Когда пришло время подумать об установлении официальных отношений с Китаем, перед политиками ФРГ встала задача поставить в известность об этом как США, так и Японию и Индию. Что касается Советского Союза и восточноевропейских стран, с которыми мы собирались нормализовать отношения, то мы были просто обязаны проинформировать их. Мы не должны были ни за что на свете создать впечатление, что мы стремимся извлечь выгоду из напряженности. Но это совсем не значило, что мы должны были быть в шорах.
На прошедшей в 1976 году в Токио под моим председательством конференции наших послов в странах Азии было решено, что Китайская Народная Республика не должна оставаться белым пятном на нашей политической карте. Более того, было в наших интересах, «чтобы Китай развивался самостоятельно и приобщался к сотрудничеству с семьей народов». Но как бы ни был важен Китай для дальнейшего развития международной политики, «не подлежит сомнению, что урегулирования европейского, а тем самым и германского вопроса нельзя достигнуть без или против воли Советского Союза». На сессии Совета НАТО в 1969 году я также призывал не делать ставку на постоянный и неизменный советско-китайский конфликт.
В шестидесятые годы мои советские собеседники ужасались по поводу «культурной революции». Посол в ГДР Абрасимов взывал в 1966 году к общим ценностям европейской культуры. Его коллега в Бонне Царапкин пытался найти у нас понимание того, что Москва из-за Дальнего Востока должна иметь безопасный тыл в Европе. Тито, вскоре после этого ставший жертвой старческих иллюзий в отношении Китая, тоже говорил, что он очень озабочен тем, что пекинское руководство рассчитывает на новую мировую войну. Бен-Гурион, глава израильского правительства, питал почти такие же надежды, как Аденауэр. Во время «working funeral» первого федерального канцлера он дал мне понять, что его интересует только будущее ЕЭС и Китая.
Хрущев, как нам стало известно позже, кипел от ярости по поводу «азиатской хитрости, вероломства, мстительности и лжи» Мао. «От этих китайцев никак не добьешься ясного ответа», — жаловался он. В устах Брежнева (в сентябре 1971 года в Ореанде) это звучало так же, но только подробнее: «Европейцу очень трудно понять китайцев». Хозяин Кремля сказал буквально следующее: «Мы с вами знаем, что эти стены белые. Но если бы сюда явился китаец, он бы настаивал на том, что они черные». Политика Китая «в основе своей антисоветская, шовинистическая и националистическая»: кажется, он еще сказал «кровожадная». В такой ситуации царь, дескать, объявил бы войну. Он же стремится к улучшению отношений; в ближайшее время Китай, мол, не будет представлять военную опасность.
Для меня изложение советской позиции имело особенно большое значение, потому что незадолго до этого, летом 1971 года, Никсон известил о своем предстоящем визите в Пекин.

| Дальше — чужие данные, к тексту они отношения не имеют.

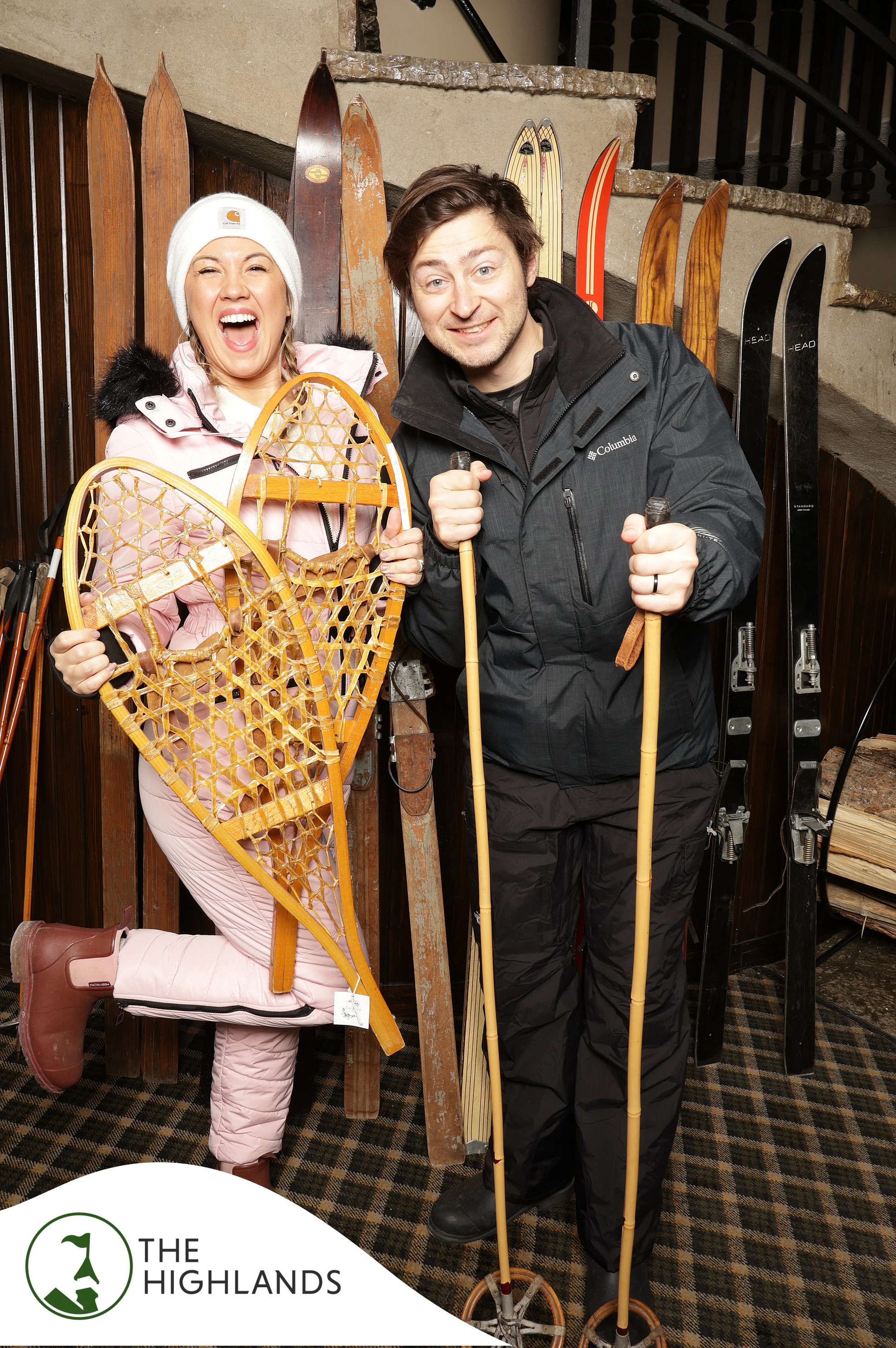 The couple laughing, she holding up a wooden snowshoe at The Highlands 61st Anniversary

По этому поводу Брежнев сказал, что он-де не имеет ничего против отношений других государств с Китаем. Никсону, если он туда поедет, будет нелегко. В начале того лета американский президент сказал мне, что он хорошо понимает, почему отношения с Советским Союзом имеют для нас приоритетное значение. Он бы на нашем месте поступил так же. Чтобы не возникло недоразумений, он пояснил: «Для нас большая игра — это игра с Советами». Я дал ему понять, что знаком с картой мира и не дам ни левым, ни правым маоистам заставить меня поставить не на ту карту. Если встанет вопрос о нормализации, мы своевременно сообщим об этом Москве и Вашингтону, как, разумеется, Индии и Японии.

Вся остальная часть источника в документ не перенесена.